Mas como não gostam de estar parados, resolveram abrir uma pequena casa de petiscos na zona histórica da cidade a que chamaram “Contradição”. É um espaço muito pequeno, numa ruela estreita, mas que conta com uma esplanada, a ampliar a capacidade de receber mais clientes. É uma sala sobre o quadrado que tem ao fundo um balcão por detrás do qual está a minúscula cozinha. A parede da direita tem enorme espelho que dá amplitude á sala, por cima do qual muitos pratos de loiça portuguesa. Na parede da esquerda um balcão de apoio e algumas bebidas espirituosas.
Por ali vai circulando parte do pessoal do restaurante da pousada, que dá corpo á criatividade do chefe Óscar, de que resultam petiscos e pratos muito interessantes e até desafiantes. O António Luis vai-se divertindo a escolher os vinhos adequados, na esmagadora maioria transmontanos, numa aposta que se saúda. Alguns desses vinhos são quase desconhecidos, de pequenos produtores, por vezes desconcertantes, tal a originalidade e qualidade.
Para a mesa vem um pano de burel a envolver fatias de focaccia, pão de trigo tradicional e centeio. Depois, bem quentes, a chamussa e o pastel de massa tenra com carne de javali e cordeiro, deliciosos.
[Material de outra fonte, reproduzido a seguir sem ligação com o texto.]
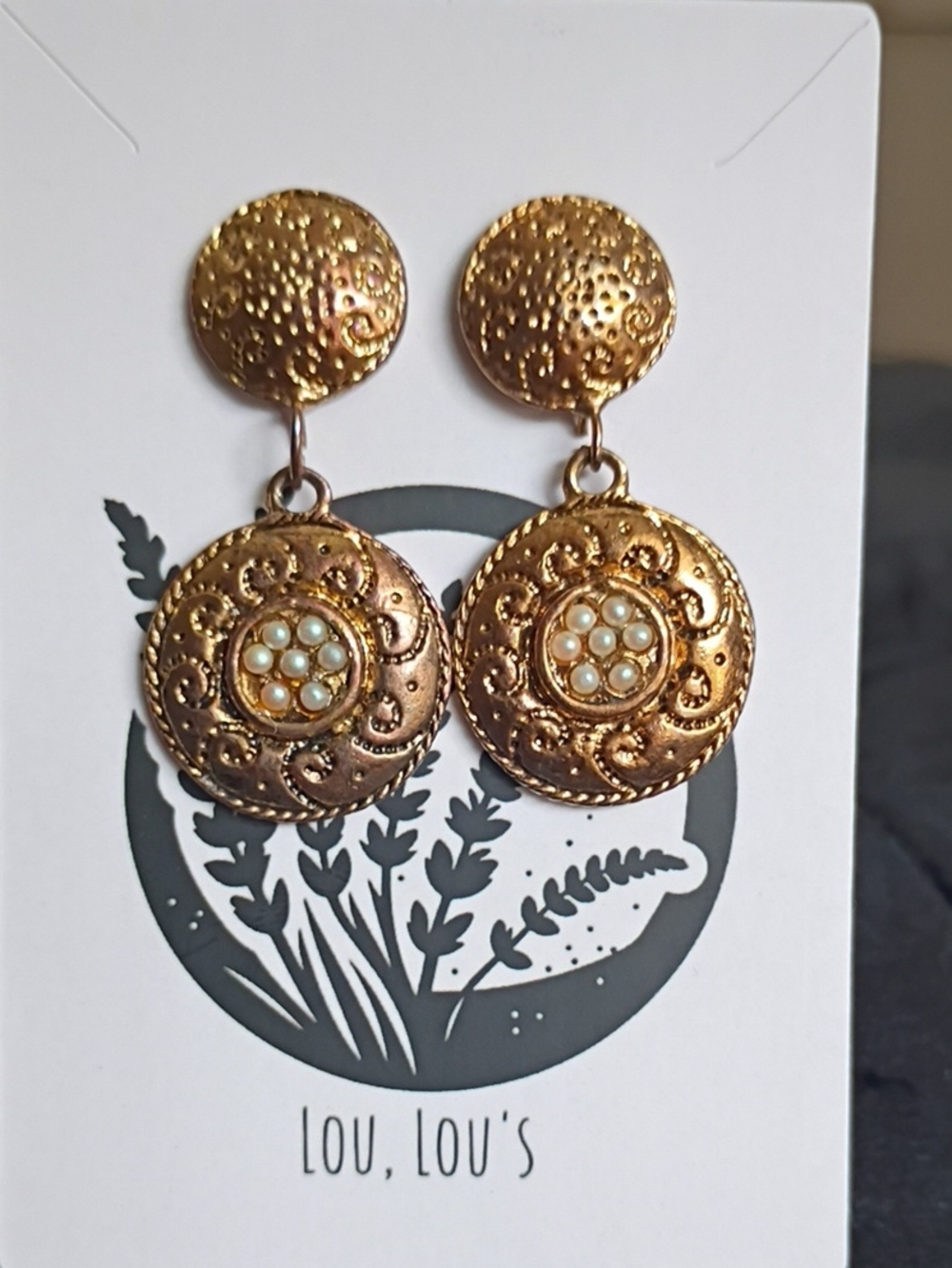 Vintage Gold Pearl-Accent Dangle Earrings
Em Trás-os-Montes não pode faltar a alheira. Aqui aparece numa versão de migas de alheira, maçã, croutons e ovo – o crocante dos croutons a contrastar com a maçã aveludada e a qualidade da alheira, ácida, deliciosa, tudo envolvido pelo ovo. Uma festa de paladares.
Seguiu-se a massada de grão com enchidos e bacalhau confitado, com uma borboleta de tinta de choco. Lembra um rancho, com massa de meada, numa ligação do taco de bacalhau com carnes de porco que era tradição em algumas regiões e que se foi perdendo. Um conjunto delicioso. Estiveram também num nível altíssimo as bochechas de vaca estufadas, puré de batata com alho negro e pequenos legumes. Suavidade, paladar e textura delicada. Ainda tivemos coragem de ir ao porco bísaro grelhado, puré de couve flor e avelã, salada de agriões. Carne de porco soberba, muito bem acompanhada com o contraste entre avelã e couve flor, com a acidez dos agriões a fazer a ligação. Excelente.
Terminou-se com cup-cake de chocolate e doce de castanha. Brilhante! Outra coisa que se saúda é a utilização de louça bastante variada, mas toda portuguesa, de várias regiões, de extremo bom gosto.
Provaram-se vinhos deliciosos, a confirmar que a região transmontana é uma das regiões vínicas a ter muito em conta. Head Rock Tinto Reserva 2015 poderoso nos seus 13,5% de álcool, Maria Gins Tinto 2018, preparado só com Tinta Amarela, mas com 14% de alcool, um vinho excitante, delicioso, Saroto Tinto apenas com 11,5% de álcool, quase provocador, até um Menina d´Uva da região de Vimioso, um palhete muito interessante.
Com a sobremesa foi servido o licoroso da Quinta de Sobreiró de Cima, mais uma boa surpresa transmontana.
Ali está-se muito bem, com comida de excelência e vinhos transmontanos fantásticos, sem qualquer contradição…
Um passeio pela zona histórica de Bragança é quase obrigatório.